Thanks for the answer, yes, I should have been more specific that it's about the versions currently shipped in Fedora 31 and Debian sid (2.8.4) and I didn't try out anything else.
Good point, the problem is that the DBus property change is propagated too slow to the application, and I thought that reading the property throught the client C library (udisks_filesystem_get_mount_points) would somehow make sure that the freshest state is fetched but that does not seem to be the case - I need to find out how exactly that works.
@tbzatek I've tested again with your synth_uevent branch but it does not solve the problem. To test I created a GPT-partitioned loop device file with 10 ext4 partitions which were all mounted and then pressed the "-" button to detach the loop device. This automatically unmounts all filesystems until it sees that all mount points are gone. Because the property is not updated yet it tries to unmount a filesystem that already is unmounted which gives an error. So I guess until someone comes up with a clever way to fix this for udisks_filesystem_get_mount_points a waiter in GNOME Disks is needed - or the code is removed from GNOME Disks and gets a new home inside UDisks: EnsureIsUnused() to recursively unmount/lock children block devices of a block device.

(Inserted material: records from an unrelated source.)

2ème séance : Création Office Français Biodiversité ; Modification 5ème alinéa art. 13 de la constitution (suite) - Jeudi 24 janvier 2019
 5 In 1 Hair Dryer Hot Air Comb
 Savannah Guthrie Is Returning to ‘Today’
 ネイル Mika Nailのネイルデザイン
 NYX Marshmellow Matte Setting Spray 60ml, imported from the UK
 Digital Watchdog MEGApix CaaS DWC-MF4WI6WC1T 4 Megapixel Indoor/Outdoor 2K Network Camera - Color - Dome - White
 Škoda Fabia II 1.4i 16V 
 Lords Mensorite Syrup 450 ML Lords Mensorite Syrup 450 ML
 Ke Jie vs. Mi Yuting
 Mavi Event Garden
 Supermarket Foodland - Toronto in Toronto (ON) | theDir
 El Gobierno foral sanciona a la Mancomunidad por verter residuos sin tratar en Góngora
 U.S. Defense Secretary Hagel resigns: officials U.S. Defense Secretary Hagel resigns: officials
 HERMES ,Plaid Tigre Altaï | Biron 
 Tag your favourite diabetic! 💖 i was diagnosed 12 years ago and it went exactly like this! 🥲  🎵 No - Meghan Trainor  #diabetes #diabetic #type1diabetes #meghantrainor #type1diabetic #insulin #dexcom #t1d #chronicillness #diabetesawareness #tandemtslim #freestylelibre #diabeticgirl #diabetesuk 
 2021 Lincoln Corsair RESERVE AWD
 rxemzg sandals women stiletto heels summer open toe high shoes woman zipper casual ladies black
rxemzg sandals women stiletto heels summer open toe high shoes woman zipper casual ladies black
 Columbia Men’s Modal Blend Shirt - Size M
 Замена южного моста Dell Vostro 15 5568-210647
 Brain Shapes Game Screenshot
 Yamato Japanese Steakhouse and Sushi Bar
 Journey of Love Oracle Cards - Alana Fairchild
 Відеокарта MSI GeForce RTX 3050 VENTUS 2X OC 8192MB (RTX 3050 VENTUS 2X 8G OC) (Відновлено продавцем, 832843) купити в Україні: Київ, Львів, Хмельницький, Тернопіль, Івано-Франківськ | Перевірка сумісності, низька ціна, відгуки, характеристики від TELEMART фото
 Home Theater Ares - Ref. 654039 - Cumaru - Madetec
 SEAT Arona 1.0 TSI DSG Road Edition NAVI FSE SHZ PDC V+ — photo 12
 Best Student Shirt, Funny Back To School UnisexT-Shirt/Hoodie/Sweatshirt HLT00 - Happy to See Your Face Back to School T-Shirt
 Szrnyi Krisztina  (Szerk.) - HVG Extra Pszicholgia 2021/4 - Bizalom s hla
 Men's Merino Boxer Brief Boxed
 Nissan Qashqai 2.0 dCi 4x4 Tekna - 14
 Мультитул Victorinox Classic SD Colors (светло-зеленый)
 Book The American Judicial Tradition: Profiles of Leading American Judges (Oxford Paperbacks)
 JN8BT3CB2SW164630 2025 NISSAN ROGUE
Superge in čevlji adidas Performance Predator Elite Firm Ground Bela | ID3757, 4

Thanks for testing the pull request. Just realized the org.freedesktop.UDisks2.Filesystem.Unmount() method doesn't trigger uevent explicitly. Please check the updated synth_uevent branch if it makes things better now.
If that doesn't help, we may need to check the D-Bus communication and processing of the messages, both on server and client side.
Can you point me to gnome-disks code where you call the Unmount() method please? I'm wondering how are D-Bus object properties handled there.
The libudisks2 library contains mostly convenient GDBus wrappers around the UDisks D-Bus interface, nothing special there. It's important however to create the UDisksFilesystem proxy within proper thread-default main context so that the main loop can receive D-Bus messages while the Unmount() method is being handled, i.e. called async. The GDBus worker thread should hopefully take care of serialization of incoming D-Bus messages itself.
@tbzatek Great, that solves the problem! (The code is in https://gitlab.gnome.org/GNOME/gnome-disk-utility/-/blob/master/src/libgdu/gduutils.c#L1529)
@pothos, thanks for testing, this is a useful finding! Looks like we'll have to use uevent trigger more often as we clearly can't rely on the kernel and differences in filesystem implementations.
Anyway, with the basic uevent tagging work has been merged, there's still some fine-tuning and testing work to do. The next step could be to get rid of the property update waits within the class DBusProperty tests. That would hopefully reveal more areas where improvement is needed.